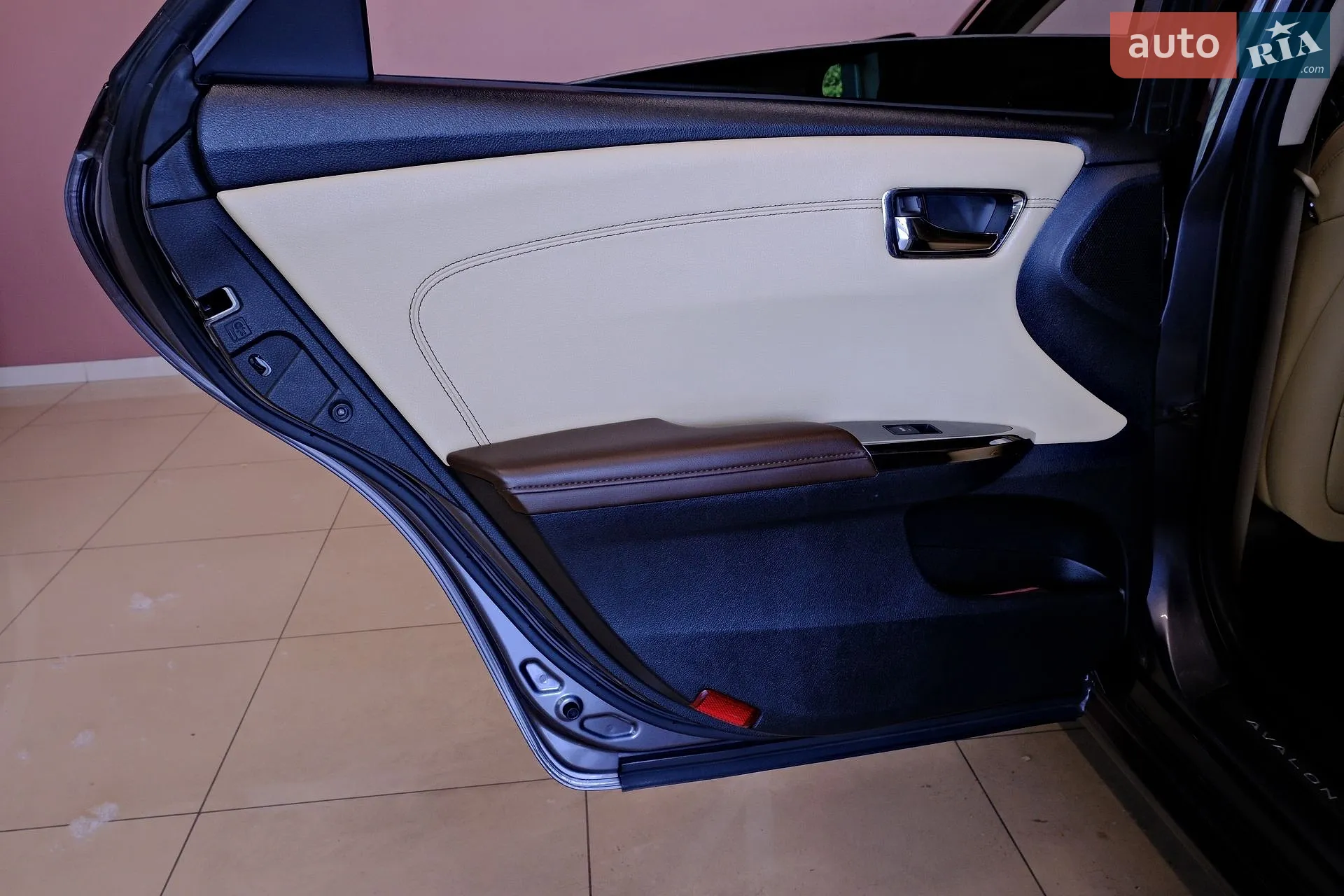 2013 Toyota Avalon - мініатюра 30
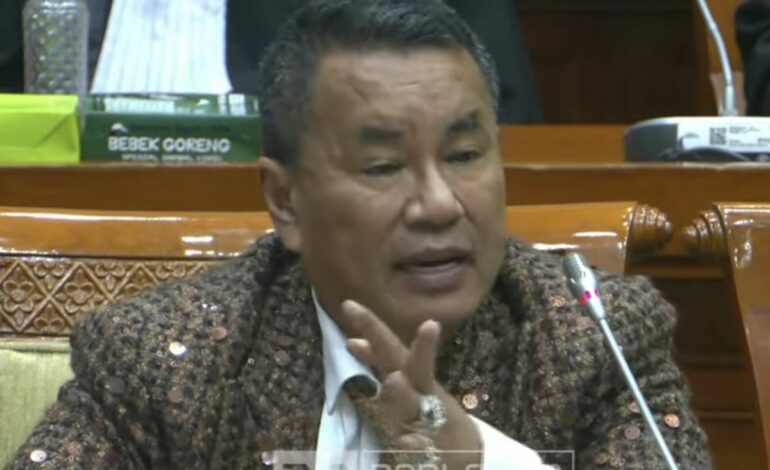 Hotman Paris Akui Sedih Lihat Jokowi Diperiksa soal Ijazah, tapi Pengacaranya Hanya Bisa Duduk di Belakang…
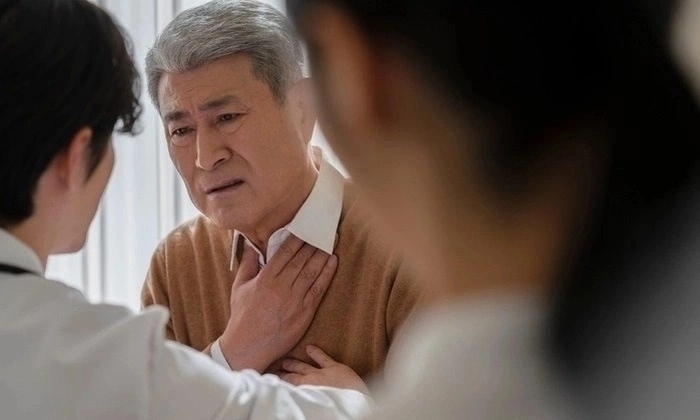 Tôi quyết giữ 10 tỷ và nhà 5 tầng để dưỡng già, không chia thừa kế sớm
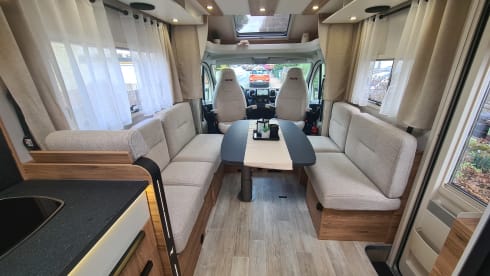 P696 D – P696 D 180 hp automatic top equipped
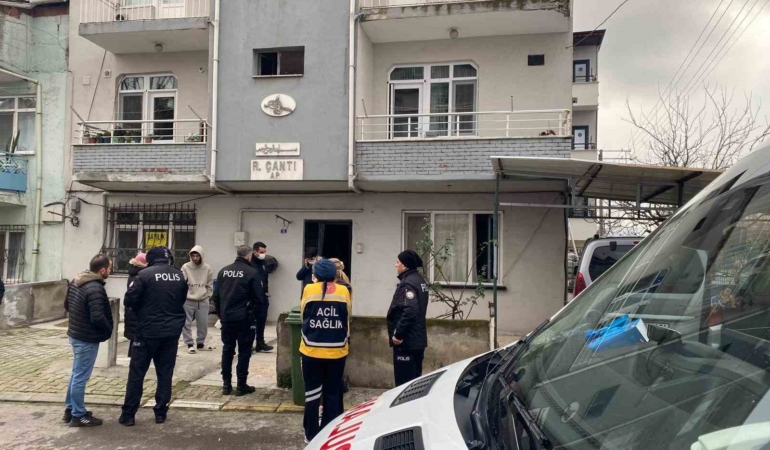 Komşuları ihbar etti, binadaki kötü koku ölümü ortaya çıkardı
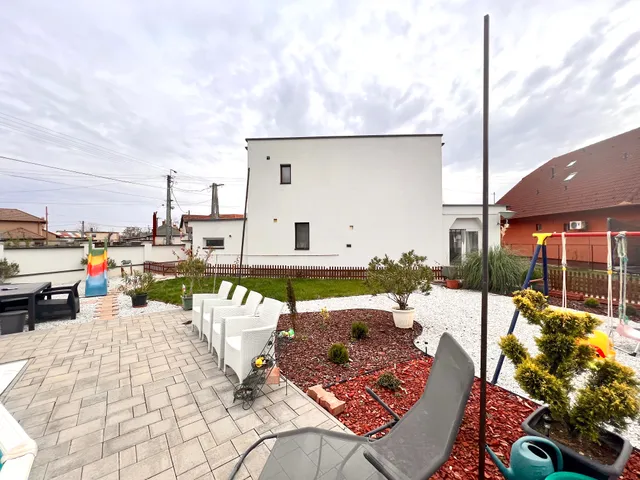 Eladó ház Mikepércs 210 nm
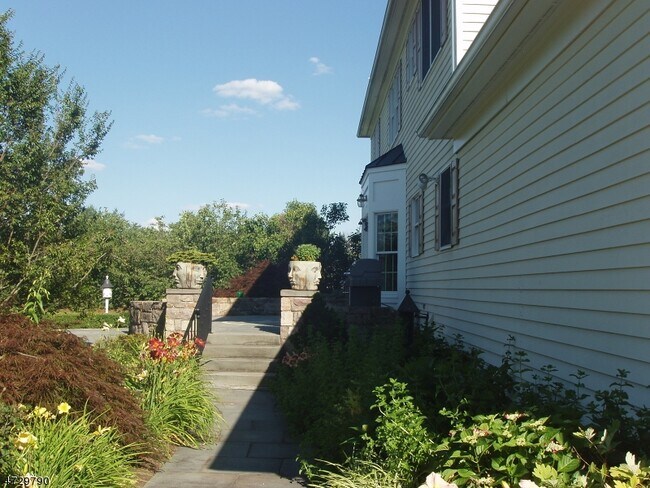Building Photo - 108 Hodge Rd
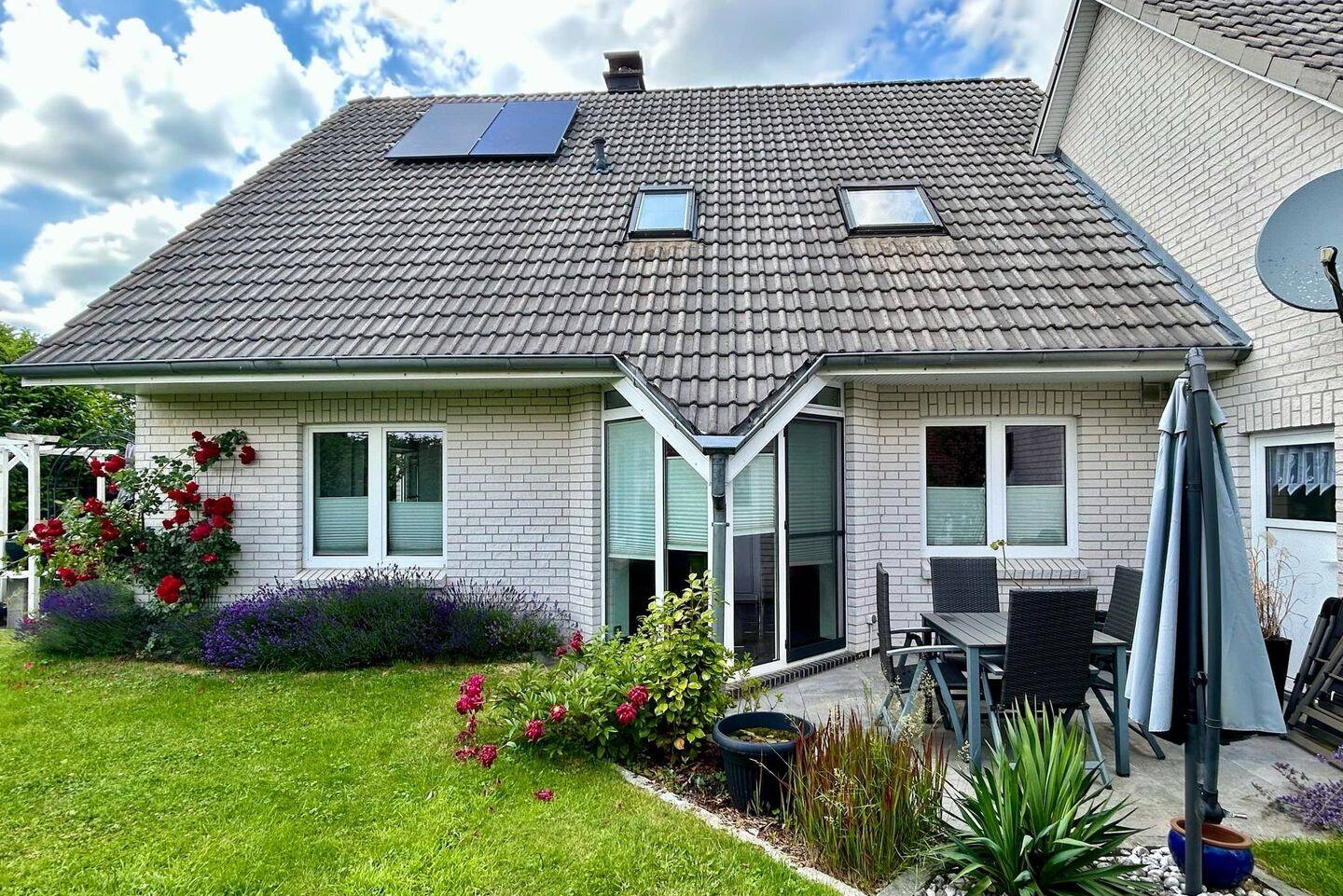 Zeitgemäße Architektur, 26419 Schortens (Stadt Wilhelmshaven)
◇ ◇ ◇ ◇ ◇
- _WORK REQUIRED_: In the listing, find the line containing "P696 D – P696" and repeat it and every later line through the last one, word for word, excluding the pictures.

- _PROBLEM SOLUTION_:
 P696 D – P696 D 180 hp automatic top equipped
 Komşuları ihbar etti, binadaki kötü koku ölümü ortaya çıkardı
 Eladó ház Mikepércs 210 nm
Building Photo - 108 Hodge Rd
 Zeitgemäße Architektur, 26419 Schortens (Stadt Wilhelmshaven)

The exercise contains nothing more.